§ TASK GOAL: Every record is to be printed exactly as written; pictures are to be omitted.

=== DATA FOR ANALYSIS ===

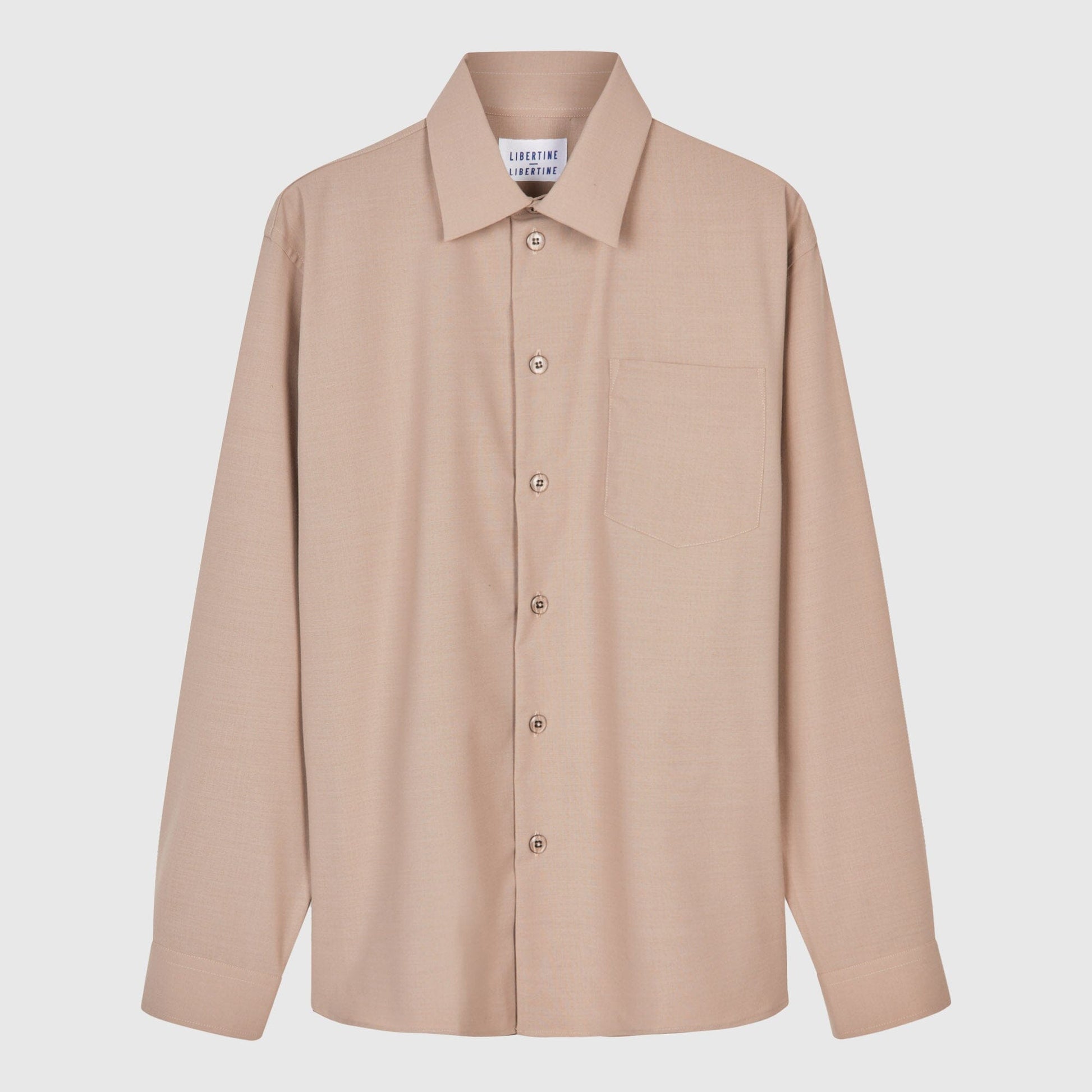 Libertine-Libertine Record Shirt - Taupe Shirt Libertine-Libertine 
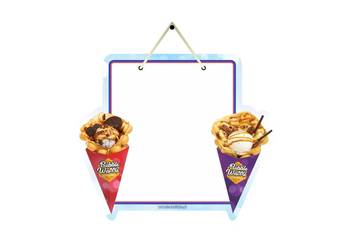 Cennik GOFRY BĄBELKOWE tablica reklamowa zmywalna 35x30cm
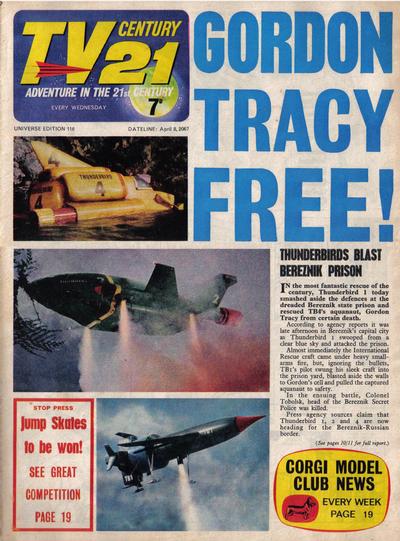 Cover for TV Century 21 (City Magazines; Century 21 Publications, 1965 series) #116
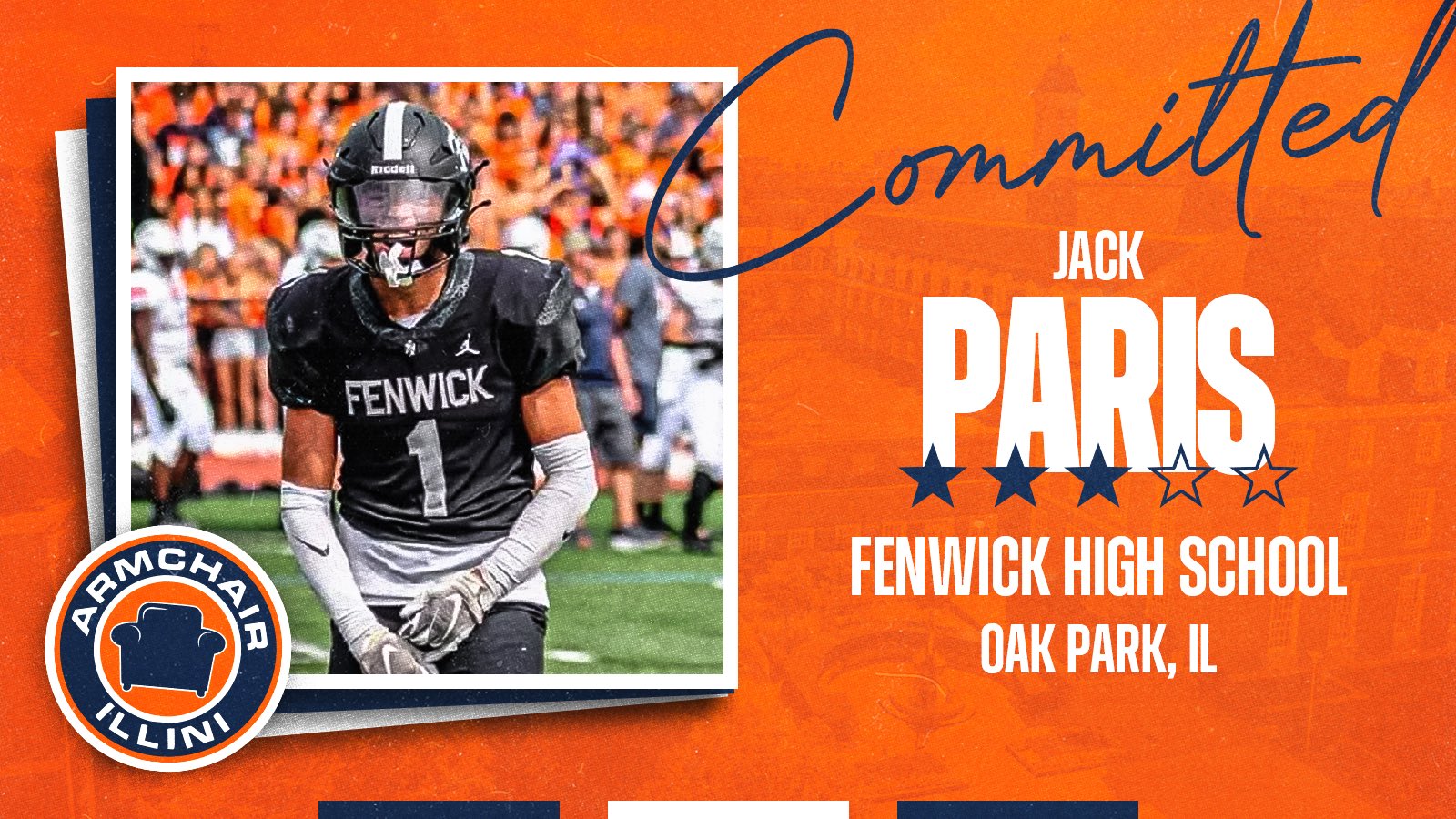 Illinois Football lands Jack Paris from Fenwick.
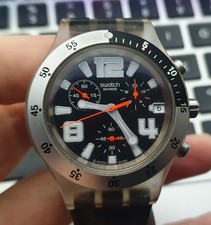 Vintage Swatch Irony Diaphane Chrono 2003 - SVCK4015 Sporty 42mm Men's Watch Uhr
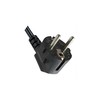DINIC Power Cable CEE 7/7 to C13 90 Degree Angled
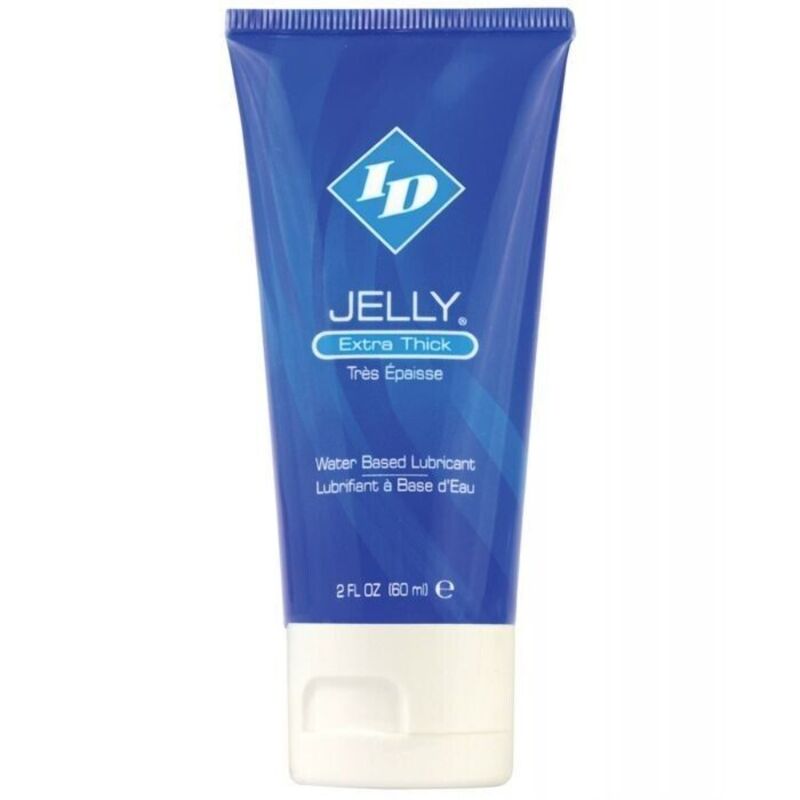 ID JELLY - WATER BASED LUBRICANT EXTRA THICK TRAVEL TUBE 60 ML - NOCTURNA DESIRES
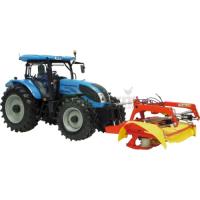 Preview Landini Powermaster 220 Tractor with Fella SM310 Front Mower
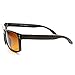 zeroUV - Action Sport Rectangular Key Hole Bridge Driver Blue Blocking Sports Sunglasses (Black Amber)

===

§ ANSWER TO THIS EXERCISE:
 Libertine-Libertine Record Shirt - Taupe Shirt Libertine-Libertine 
 Cennik GOFRY BĄBELKOWE tablica reklamowa zmywalna 35x30cm
 Cover for TV Century 21 (City Magazines; Century 21 Publications, 1965 series) #116
 Illinois Football lands Jack Paris from Fenwick.
 Vintage Swatch Irony Diaphane Chrono 2003 - SVCK4015 Sporty 42mm Men's Watch Uhr
DINIC Power Cable CEE 7/7 to C13 90 Degree Angled
 ID JELLY - WATER BASED LUBRICANT EXTRA THICK TRAVEL TUBE 60 ML - NOCTURNA DESIRES
 Preview Landini Powermaster 220 Tractor with Fella SM310 Front Mower
 zeroUV - Action Sport Rectangular Key Hole Bridge Driver Blue Blocking Sports Sunglasses (Black Amber)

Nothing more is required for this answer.